=== Material provided ===

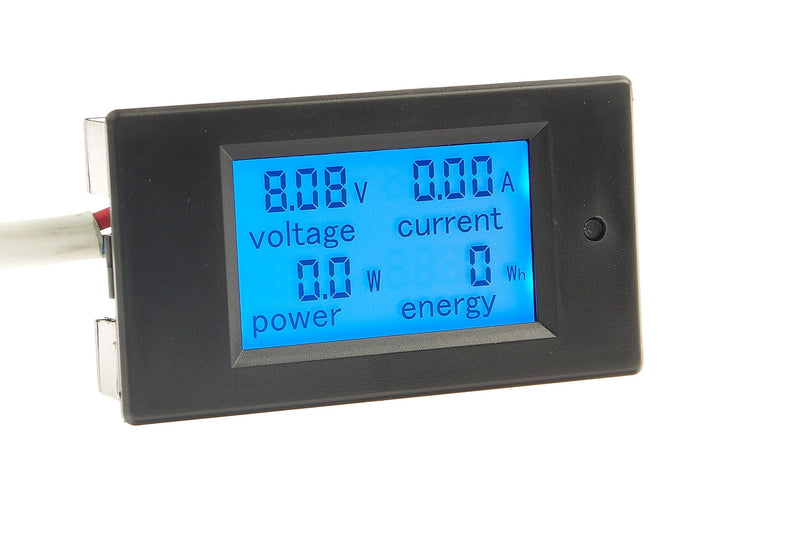 DC 6.5V-100V 0-50A LCD Display Digital Current Voltage Power Energy Meter Multimeter Ammeter Voltmeter with 50A 75mv Current Shunt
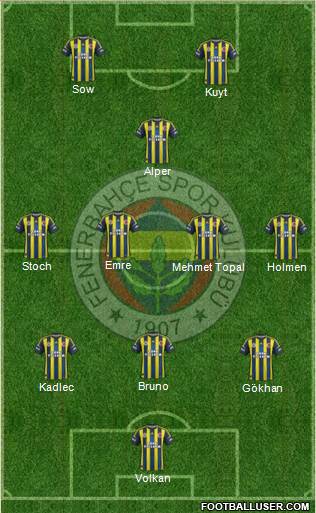 Fenerbahçe SK Formation 2013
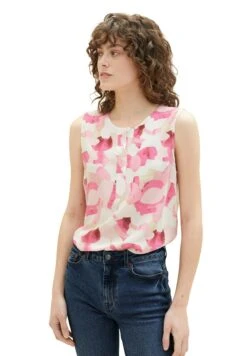 Tom Tailor Gemusterte - Blouse - Pink Shapes Design -Tom Tailor 88a7f729762145059b1e49fc7086acc7
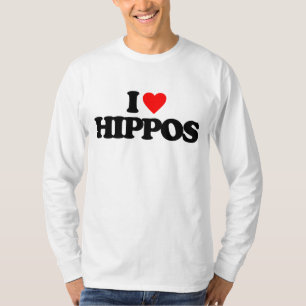 T-SHIRTS EU AMO HIPOPÓTAMOS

=== Directions for this task ===
Please produce an exact copy of all the material, leaving out the pictures.

=== Completed task ===
 DC 6.5V-100V 0-50A LCD Display Digital Current Voltage Power Energy Meter Multimeter Ammeter Voltmeter with 50A 75mv Current Shunt
 Fenerbahçe SK Formation 2013
 Tom Tailor Gemusterte - Blouse - Pink Shapes Design -Tom Tailor 88a7f729762145059b1e49fc7086acc7
 T-SHIRTS EU AMO HIPOPÓTAMOS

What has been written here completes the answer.